Se a Footlocker estava bem com um lucro de US$ 50 por par, não entendo por que, só porque o custo por par subiu, ela precisaria refletir US$ 75 de lucro no custo. Manuseio dos tênis, espaço da loja, publicidade e mão de obra não são todos custos fixos?
Alguns custos de fato aumentam linearmente conforme o preço do produto. Se o custo do estoque dobra, pode ser preciso usar dívida com juros mais altos para financiá-lo, e coisas como seguro também sobem para perto de pelo menos o dobro
Taxas de transação, como cerca de 2% de tarifa de cartão, e itens como risco de devolução também crescem linearmente
Quando o preço sobe, o volume vendido também cai. Se um tênis custava US$ 100 na semana passada e agora custa US$ 200, ele vende menos e os furtos também aumentam
Se o preço de atacado passa de US$ 50 para US$ 100, pode ser necessário mais do que uma margem fixa de US$ 50. Na prática, US$ 100 pode estar certo ou até ser insuficiente, e especialmente nesse tipo de “bem de luxo” o volume de vendas é a maior preocupação
Digamos que a Foot Locker tente manter um lucro absoluto de US$ 50 e venda por US$ 125 em vez dos antigos US$ 100
Nesse caso, mais pessoas deixam de comprar o tênis novo, a demanda cai, e o lucro absoluto total da Foot Locker também diminui
Mas, como você disse, custos fixos como espaço da loja, publicidade e mão de obra continuam iguais
Por isso, para manter a rentabilidade, ela precisa aumentar ainda mais o preço; aí a demanda cai mais, mas no fim se chega a um equilíbrio em algum ponto mais alto. O ponto em que o lucro absoluto total é maximizado tende a ficar perto do mesmo markup de 100% de antes
Não precisa ser exatamente igual, mas em geral esse tipo de coisa tende a se mover em termos percentuais, mais do que em valores absolutos. Quando o custo de fabricação cai, o lucro absoluto por unidade também pode cair, e felizmente isso é compensado porque mais pessoas compram
Eles operam não por par de tênis, mas por dólar. Se a margem cai, o capital se desloca para lugares mais rentáveis, e os preços sobem até que as margens voltem a se nivelar entre investimentos produtivos semelhantes
Por trás do alto markup dos varejistas existe uma estrutura de vender produtos da temporada passada com grandes descontos. É isso que significa “proporção fixa para evitar prejuízo”

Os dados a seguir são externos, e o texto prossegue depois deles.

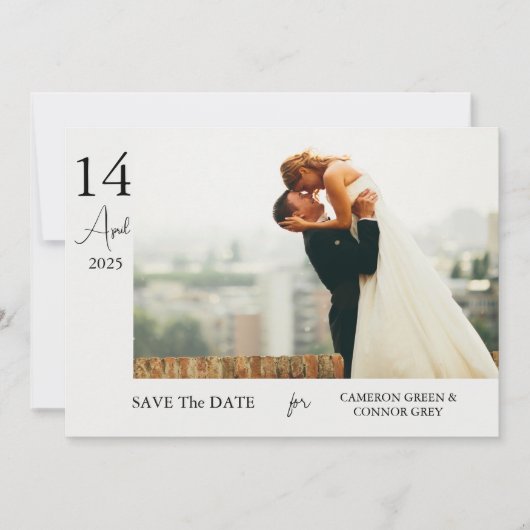 シンプルエレガントChic Photo Wedding Save the Date セーブザデート (正面)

Se uma loja mantém 10 mil pares de tênis a US$ 50 cada, ela está segurando US$ 500 mil em estoque. Se o preço do tênis passa a US$ 75, são necessários mais US$ 250 mil para o mesmo estoque. O capital para estoque não é de graça
Resumindo de novo o resumo para eu mesmo entender: quando um tênis de US$ 100 é vendido por US$ 76, US$ 24 vão para o exterior, US$ 8 para o governo dos EUA, US$ 33 para funcionários ou empresas dos EUA, US$ 5 para a Nike e US$ 6 para a Footlocker
Mas, com uma tarifa de 100%, vira um tênis de US$ 100 vendido por US$ 100, ou um tênis de US$ 132 vendido por US$ 100: US$ 24 para o exterior, US$ 29 para o governo dos EUA, US$ 33 para funcionários ou empresas dos EUA, US$ 7 para a Nike e US$ 7 para a Footlocker
Para que um fabricante de tênis dos EUA venda mais barato que os importados, a estrutura de um tênis Made in USA de US$ 100 teria de ser: mais de US$ 7 para o governo dos EUA, US$ 79 para funcionários ou empresas dos EUA, US$ 7 para a Nike e US$ 7 para a Footlocker
O trecho essencial é: “Se a Footlocker compra um tênis Nike por US$ 75, vende no varejo por US$ 150. Todo mundo precisa de uma proporção fixa para evitar prejuízo”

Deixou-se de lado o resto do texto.